_Task directions_
Omit all pictures, and print word for word only the lines from the one containing "Activities · Ages 4–10" through the end of the data.

_Data_
════
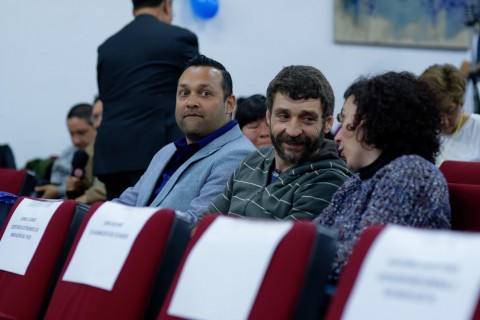 Rafael Correa en Valencia (Sede de UGT)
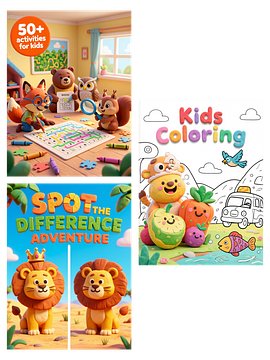 🎉 Ultimate Screen-Free Kids Learning & Fun Bundle: 3 Printable Books · 140+ Activities · Ages 4–10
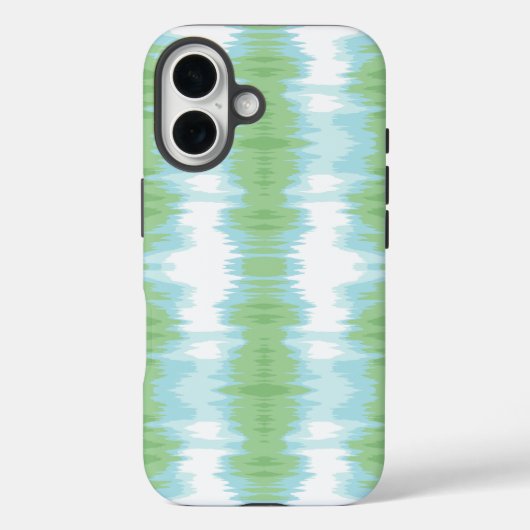 Shimmer Ikat in Green and Aqua Case-Mate iPhone Case (Achterkant)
════
_Solution to this problem_
 🎉 Ultimate Screen-Free Kids Learning & Fun Bundle: 3 Printable Books · 140+ Activities · Ages 4–10
 Shimmer Ikat in Green and Aqua Case-Mate iPhone Case (Achterkant)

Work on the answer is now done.